What the task asks:
How many lines in the data hold the string "wearing"? State the number alone.

Records to use:
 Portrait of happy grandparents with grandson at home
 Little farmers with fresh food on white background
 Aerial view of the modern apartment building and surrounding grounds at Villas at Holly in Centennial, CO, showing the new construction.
---
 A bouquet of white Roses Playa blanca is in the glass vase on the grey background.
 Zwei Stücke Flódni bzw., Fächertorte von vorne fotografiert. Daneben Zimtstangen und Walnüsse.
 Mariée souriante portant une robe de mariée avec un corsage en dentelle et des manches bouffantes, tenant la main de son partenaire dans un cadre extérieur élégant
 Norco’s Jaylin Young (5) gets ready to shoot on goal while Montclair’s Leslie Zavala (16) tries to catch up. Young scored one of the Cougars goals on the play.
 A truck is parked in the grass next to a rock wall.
...
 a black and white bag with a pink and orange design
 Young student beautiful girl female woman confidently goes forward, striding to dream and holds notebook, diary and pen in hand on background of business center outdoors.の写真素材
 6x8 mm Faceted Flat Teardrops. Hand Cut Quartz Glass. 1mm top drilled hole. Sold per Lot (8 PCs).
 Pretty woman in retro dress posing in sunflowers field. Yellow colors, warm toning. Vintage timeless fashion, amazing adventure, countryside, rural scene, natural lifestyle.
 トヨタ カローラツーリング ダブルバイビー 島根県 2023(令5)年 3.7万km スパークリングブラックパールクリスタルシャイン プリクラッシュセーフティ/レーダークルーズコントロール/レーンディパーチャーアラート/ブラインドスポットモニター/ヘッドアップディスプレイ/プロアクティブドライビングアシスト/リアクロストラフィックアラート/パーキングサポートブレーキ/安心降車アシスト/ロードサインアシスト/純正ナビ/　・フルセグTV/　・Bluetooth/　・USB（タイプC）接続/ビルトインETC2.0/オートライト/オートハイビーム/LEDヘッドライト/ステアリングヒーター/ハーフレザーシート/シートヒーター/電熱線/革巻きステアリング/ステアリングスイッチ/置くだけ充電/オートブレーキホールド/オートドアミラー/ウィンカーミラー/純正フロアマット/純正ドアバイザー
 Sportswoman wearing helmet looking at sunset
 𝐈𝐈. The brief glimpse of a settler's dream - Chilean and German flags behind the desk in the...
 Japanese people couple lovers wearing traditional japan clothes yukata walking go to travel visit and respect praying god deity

Exercise solution:
2